The notion that the Jesus question is fading does not strike me with the same panic that it once did. Nor does the notion that the whole human venture is fading. I am candidly glad to be alive with the people around me, locking doors and sipping beer. I am most certainly edified to be, as Annie Dillard put it, "on this side of the topsoil," but I somewhere before let go of the anxious desire to be around forever, to make things right and scold those who don't see it.

I just came from dinner with a friend who enjoys talking art and the subtle. We sat on a patio amongst families and young couples and aspiriing romantics, oblivious to their goings on and interests. And nevertheless, it was quite clear to me that I was unmistakenly among their number, in their differences of opinion and dress and color, if only because I happened to be inhaling similar air in the same century in a dimlit patio in St. Louis.

It well may be true that we are fading, and our religions and politics and celebrity-craze. While we dominate this spinning orb, we certainly dominate nothing else, and that nothing else is vast and unapolagetic.

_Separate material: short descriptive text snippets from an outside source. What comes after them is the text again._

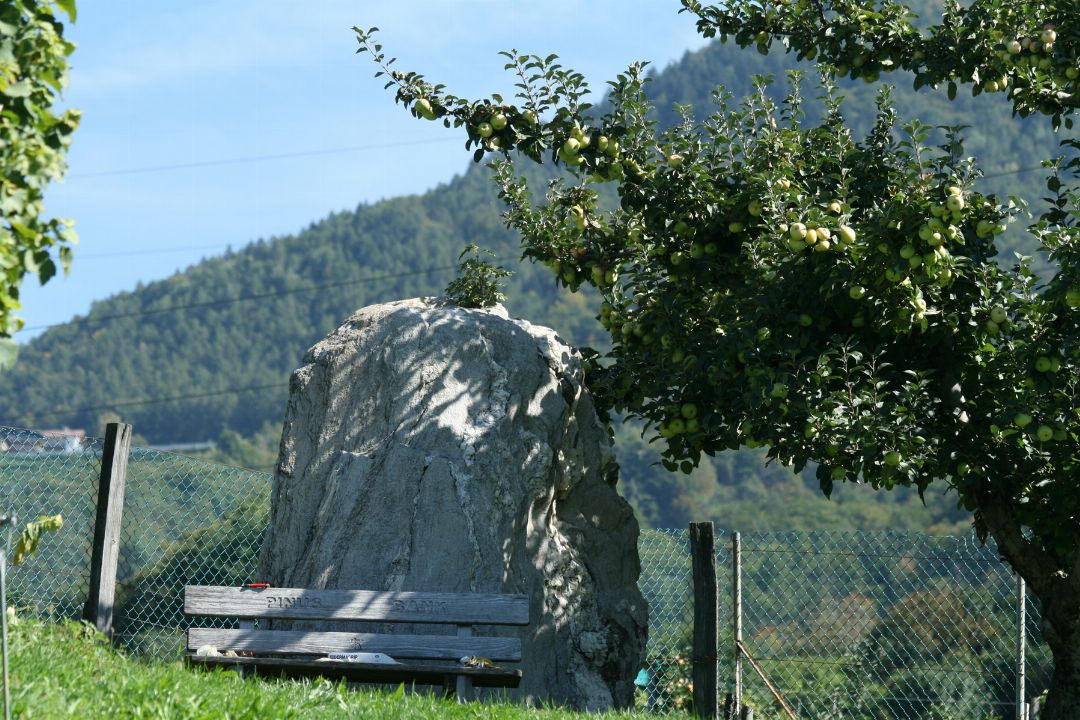 Weingut Zirmerhof Logo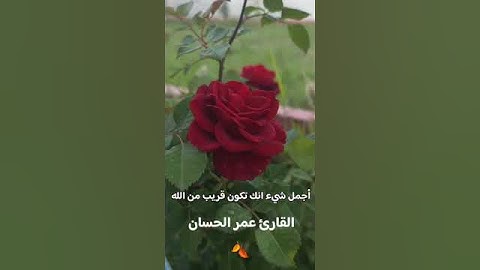 تلاوة هادئة~عمر الحسان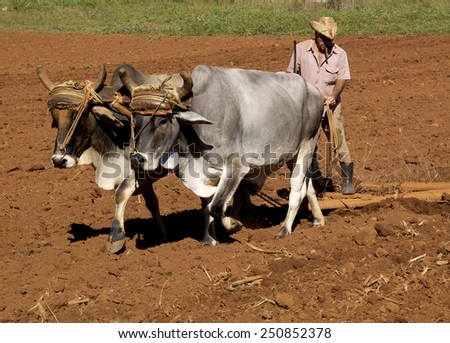 VINALES, CUBA - DECEMBER 12: this peasant smoking a cigar is working in his field with two oxes tied by a yoke ,on december 12, 2014, in Vinales, Cuba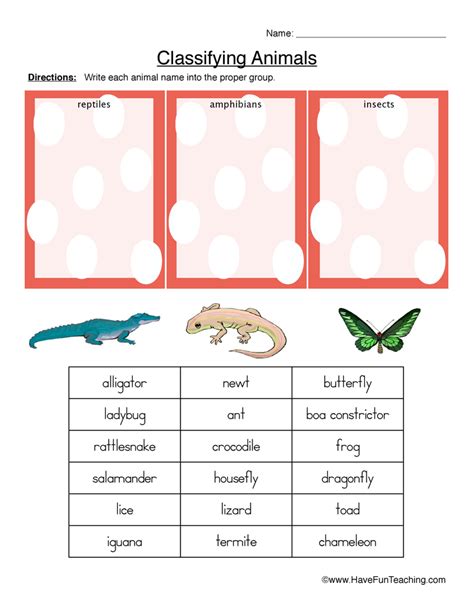 Animal Grouping Worksheet Preschool Printable Sheet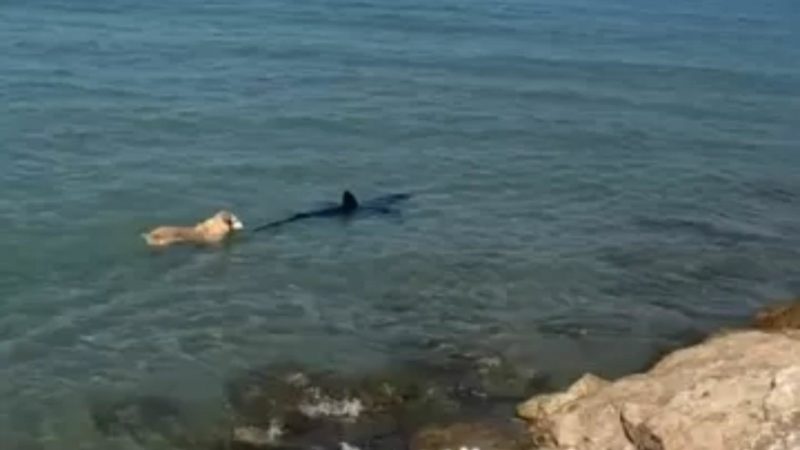 Cachorro pula no mar e morde cauda de tubarão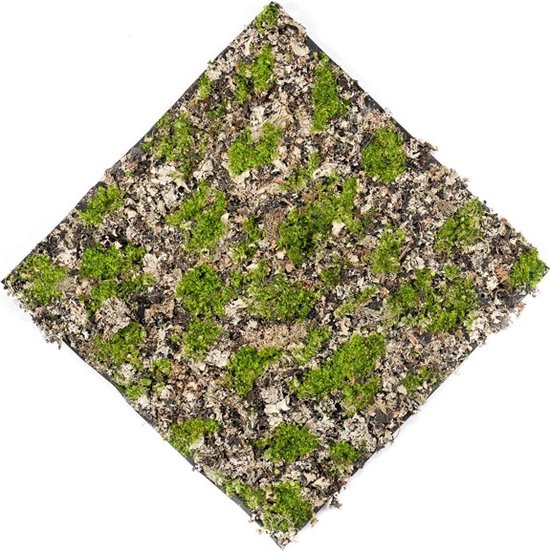 Dry moss kunstmos decoratie mat - nep mos wandpaneel - 50 x 50 cm - Groen - Bruin - Grijs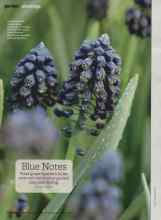 Better Homes & Gardens November 2011 Magazine Article: Blue Notes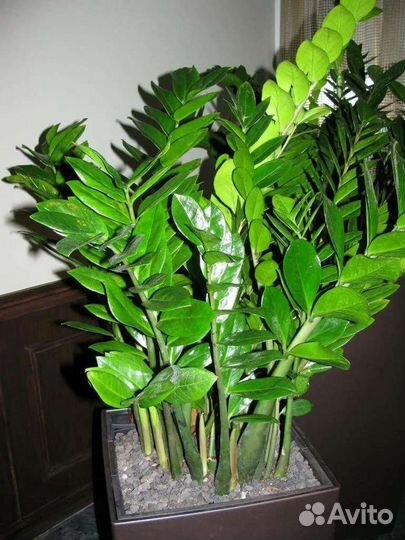 Замиокулькасы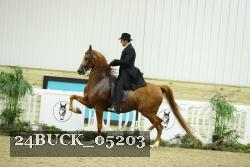 24BUCK_05203 thumbnail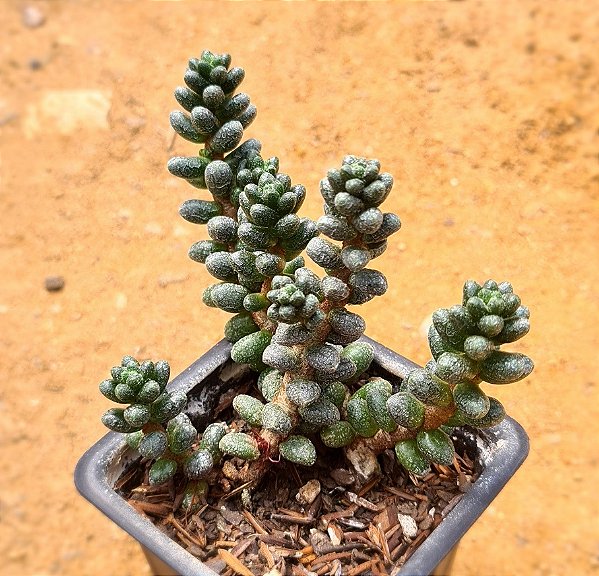 Sedum furfuraceum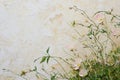 Bas-relief made of wildflowers and gypsum - wall and frame decoration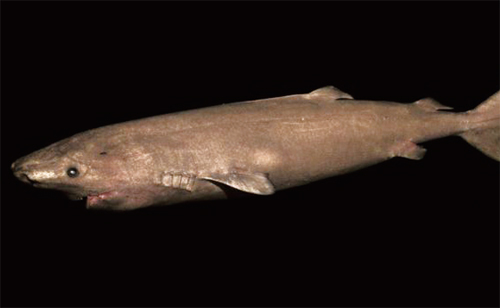 [뉴스 브리핑]가장 오래 사는 척추동물 ‘그린란드상어’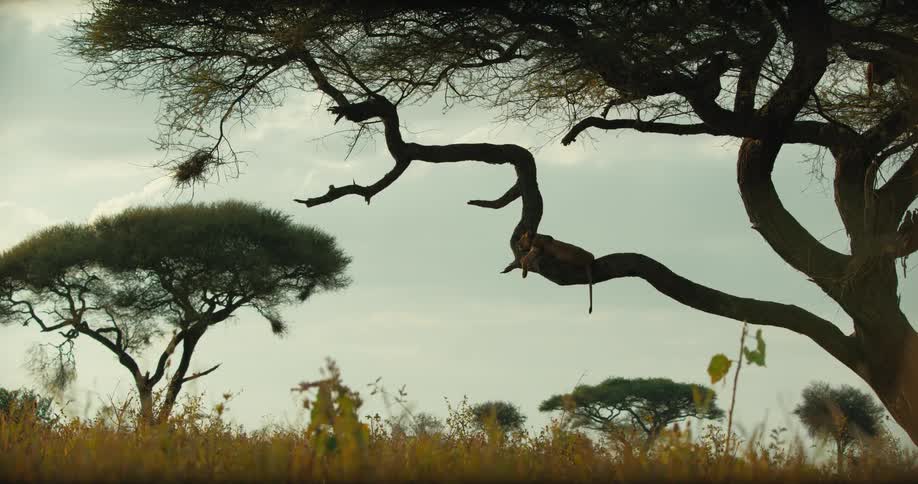 A leopard rests peacefully on the gnarled branch of an acacia tree in the vast African savanna landscape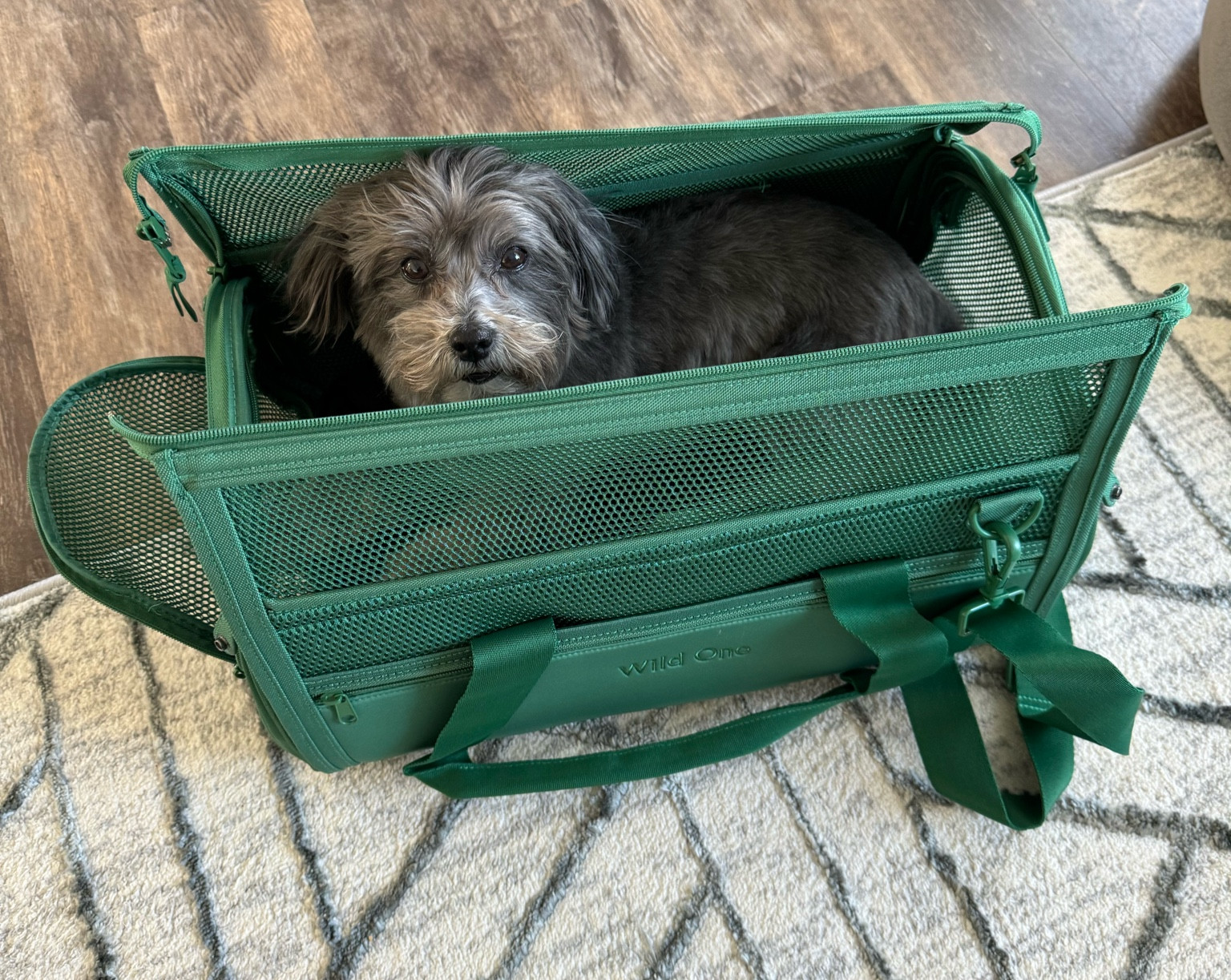 Just training for my next flight! The perfect dog carrier that fits for Southwest and most major airlines! 

#LTKTravel #LTKItBag #LTKFamily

The moral of all this, if there need be one at all, is to take it easy and smile once or twice at a passerby. To sit in the exhausting heat and humidity of a St. Louis summer and be enveloped by something that is much greater than oneself. The helpful reminder is always that I am but an absurdly small speck in the scheme of things. If that remark causes depression, then you need to get a grip. If it causes a sense of liberation and exhaltation, then you're on to being.

3 comments:

Anonymous said...

As always, your thoughts are poignant and well-spoken. Once we are "gone," so, too, will our shadows have evaporated. It leaves me to wonder...to ponder...When next we meet, will we speak of our musings, doubts, joys, fears, reflections or will we simply pass one another conscious of what we need to know in the light of something greater?

Please keep posting...JH

Patrick 'Pancake' McAvoy said...

JK, I do have to say this: I'm nothing less, nothing more, but always something greater. But I am.

I just say this because, it helps remind me of something truly wonderful.

Great post. The way you put your words together is thought invoking in their own way but what really got me is "I know even fewer academics who blush in admitting they haven't had an original thought in an entire career of thinking." I enjoy reading this line as to have all question it.

Your last paragraph just completes this blog post. I think once you realize this, it makes what you want to do with your life, easier and much more enjoyable because of the liberation you set upon yourself.

Jack said...

Jack Sr.

Thanks.

I sometimes wonder if the world becoming wrapped up in tabloid news and being photographed isn't perhaps something new, but perhaps just more apparent with the advent of newer technologies.

I think one can find solace and great promise in life in the small things. In the very simplistic instances where you're just content with existence.

Your words speak volumes on the human condition and the state of modern society as well as share an important message on the relevance and deep importance finding the 'real' individuals and situations in life and cherishing them.

Thanks again for the post Jack, as always, I greatly enjoyed it.